Столетие с 1725 года, спора за наследие Петра, до 1825 года, декабристского восстания, последней попытки переворота, можно было бы назвать «гвардейским веком» русской истории.
Несколько короче длился другой примечательный феномен, так называемый «женский век» русского самодержавия, с небольшими перерывами продолжавшийся семь десятилетий. Само женское правление не было для Руси чем-то невиданным. Полулегендарная Ольга Киевская или великая княгиня московская Софья Витовтовна, предположим, жили очень давно, но сохранилась память о регентше Елене Глинской, а воспоминания о власти «великой государыни-царевны» Софьи Алексеевны были совсем свежими.
Солдаты лейб-гвардии Преображенского полка. Литография.
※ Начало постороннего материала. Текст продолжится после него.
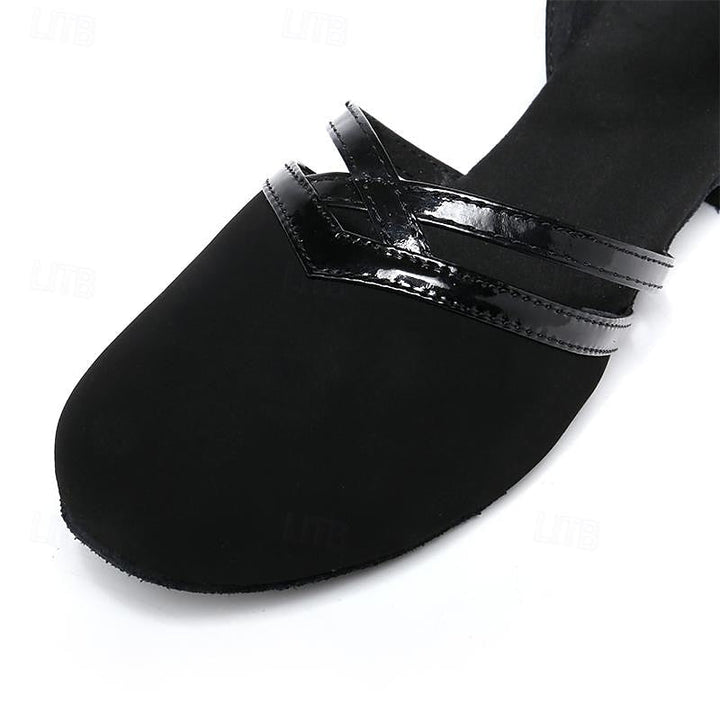 Women's black dance shoes with secure ankle strap, perfect for professional performance and comfortable dancewear.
XIX в.
Однако никто из русских женщин не правил страной от собственного имени, все они были временными правительницами при юных монархах мужского пола. К тому же серьезным гандикапом являлась московская традиция держать «слабый пол» взаперти. Даже смелая, решительная Софья покидала пределы своего терема почти исключительно для выхода в церковь или поездки на богомолье.
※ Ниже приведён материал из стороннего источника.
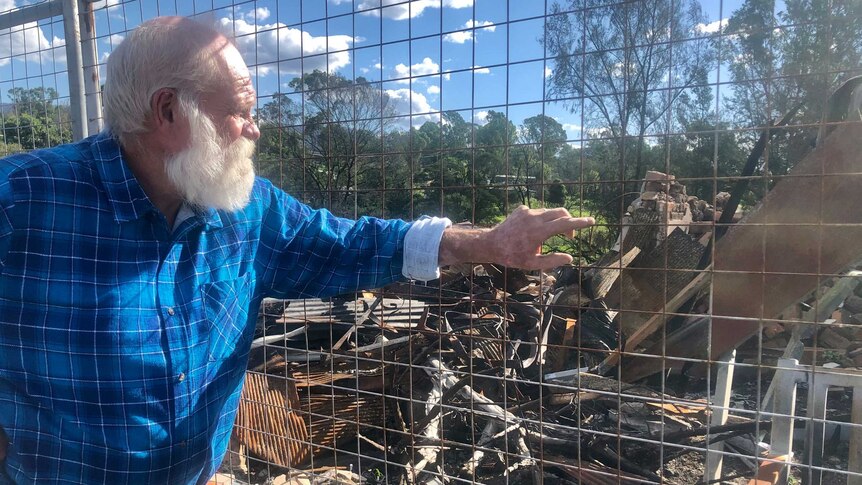 David Rugendyke looks onto bushfire rubble in Cobargo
Одной из самых важных и благотворных новаций Петра была женская – вернее, дамская, поскольку речь шла только о благородном сословии, – эмансипация. Дворянам не просто позволялось, а строжайше предписывалось учить дочерей грамоте, вывозить их в свет, приобщать к европейской культуре. Трудно переоценить значение революции, которую это произвело в русской жизни. Моралист восемнадцатого столетия князь Михайла Щербатов, которого я буду часто и с удовольствием цитировать, пишет: «Жены, до того не чувствующие свои красоты, начали силу ее познавать, стали стараться умножать ее пристойными одеяниями, и более предков своих распростерли роскошь в украшении. О коль желание быть приятной действует над чувствиями жен!» Однако одеяниями и чувствиями дело не ограничивалось. Новопознанная сила женщин начала сказываться и в политике. Дамы научились интриговать, бороться за влияние, даже участвовать в переворотах. Свежая, фонтанирующая энергетика всегда мощнее прежней, привычной, и не будет преувеличением сказать, что в восемнадцатом веке «женский» фактор превалирует над «мужским». Это эпоха сильных монархинь и слабых монархов.
Еще в 1725 году, краснословя перед Петровой вдовой, Феофан Прокопович догадался соединить «владетельское благоразумие» с «матерним благоутробием», создав образ «матушки-царицы». «Мир весь свидетель есть, что женская плоть не мешает тебе быть подобной Петру Великому!» – провозгласил архиерей-царедворец. Российская верхушка этой истины на протяжении всего восемнадцатого века не оспаривала.